Large consignments of cows and calves, as well as cull cows, are delivering minimal returns for station vendors, many of whom are being forced to clear stock due to a lack of water rather than feed shortages. Truckloads of station cattle have been consigned to the South Australian Livestock Exchange north of Adelaide, where the poorest lightweight cows have sold below 50c/kg liveweight.

The more assured cattle districts in SA’s South East are also feeling the pinch. With limited rainfall being recorded since early spring, normally valuable lucerne stands are struggling to cope with the prolonged dry conditions. Even the generally reliable Adelaide Hills and Fleurieu Peninsula is all but exhausted of feed.

Adelaide Hills independent agent Jeff Emms says a below-par winter in many districts has exacerbated the dry spring and summer conditions.

“We lost store buyers from the market last winter,” Mr Emms said.

“They started to peel-off in June – they stopped attending sales and that lack of store stock enquiry was very difficult to handle.

“It’s the first time in a number of years that it’s been dry on such a widespread scale.”

Mr Emms said pastoral cattle (local term for cattle from South Australia’s extensive grazing areas further north) were causing market headaches, with poor seasonal conditions in the north coinciding extremely weak restocker demand in the south.

“Prices for those lines of station breeding stock have just collapsed,” he said.

“A well-bred cow in forward store condition isn’t worth much more than $400, which is a shame to see.”

“We’re not used to those prices because we’ve had a pretty good run of it in recent years.”

Mr Emms said even the best cow/calf units had copped a whack, with prices retreating from $1400 a unit to $800-$900.

And while current seasonal conditions have been very difficult, he believes more uncertainty looms as producers look to feed their cattle in autumn and winter.

“Last year, because of the cold winter and generally dry conditions, we went through the previous year’s hay pretty quickly and started buying hay again in August,” he said.

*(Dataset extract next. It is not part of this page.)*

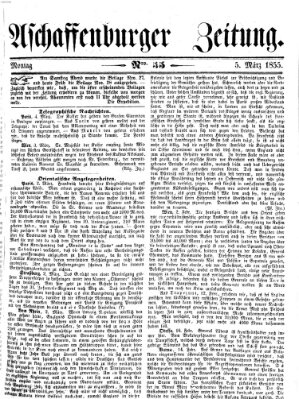 Aschaffenburger Zeitung Montag 5. März 1855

 “Talking to producers, the average hay cut was 20-50 per cent below a normal year, the tonnage just disappeared. It’s now at a premium, with a lot cereal hay making $100 a roll.”

“Taking that in account, I’m really not sure what we’re going to do to feed our stock in the winter months.”

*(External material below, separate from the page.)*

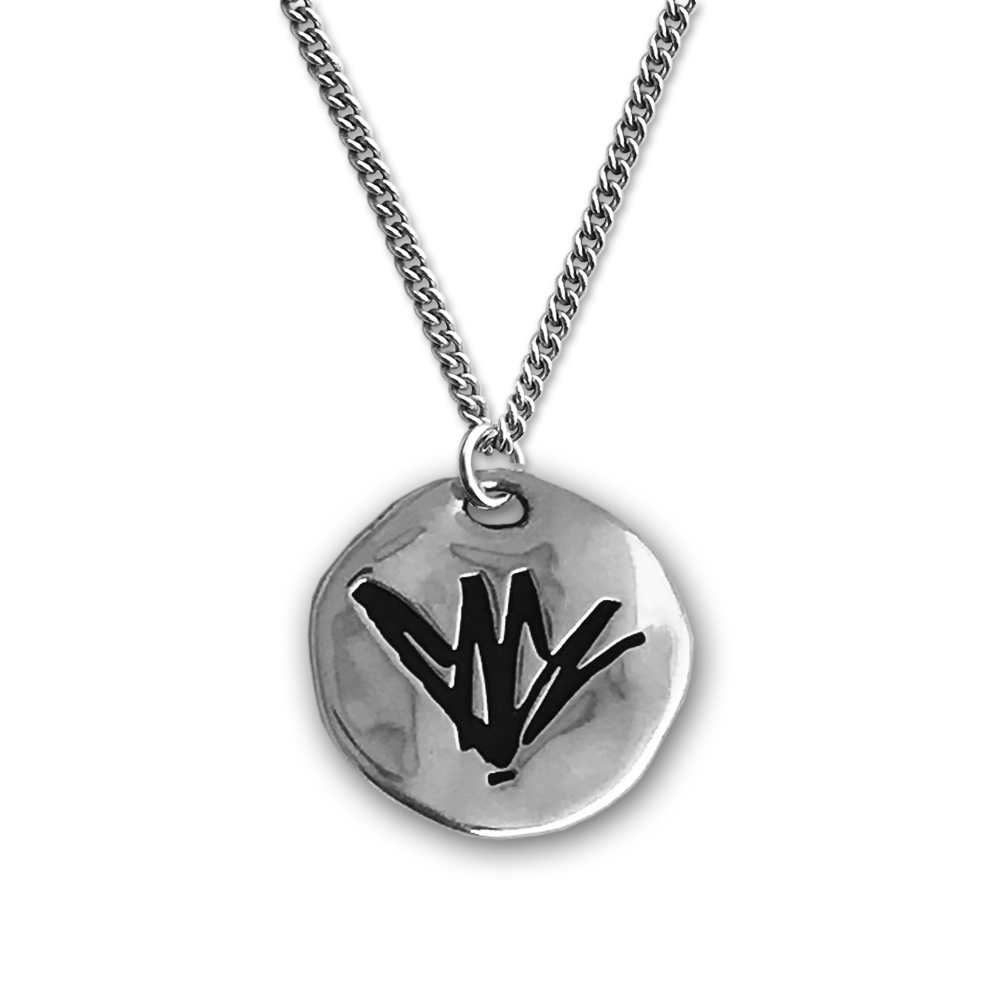 Engraved Silver Pendant Necklace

Another independent agent, Kym Endersby, said the absence of restocker competition in the cattle had seen prices drop.

“Processors and lotfeeders have been able to bring the prices back because there’s just been no paddock competition,” he said.

Based at Mount Compass on the Fleurieu Peninsula where his company Prostock hosts a weekly independent agents cattle sale, Mr Endersby said despite the tough seasonal conditions, there had been no marked increase in yardings.

“We just haven’t had any summer rain – not even the normal stormy stuff which can give us a bit of quick green pick,” he said.

And the longer the dry lingers, the bigger the anticipated impact will be on the market.

“I’m expecting there to be a widening gap between prices for stores and prime cattle, especially given the poor quality of the cattle coming out of the pastoral zone now,” Mr Endersby said.

“If things keep going the way they are and the dry continues, I’d think that gap between stores and fat cattle could be huge.

“There’s likely to be a reward for those producers who are able to finish their cattle well and are prepared to spend some money in doing that – and rightly so in these conditions.”

At last week’s Mt Compass sale, Mr Endersby said feedlot enquiry was operating at 150-165c/kg.

“That was a bit stronger than last week, but feeders can still make money buying at that sort of rate.”

Given the longer-term feed uncertainty, it is little surprise that cows have been the most exposed to weaker prices. Looking at figures recorded by MLA’s National Livestock Reporting Service, indicator prices for cows of about 180c/kg carcase weight are a very long way behind average rates closer to 270c/kg cwt that was being paid just 12 months ago.

While the bumpy market ride will continue for as long as vendors continue to offload cattle, it is hoped that more stable numbers in autumn might provide some solid footing for prices to being to recover.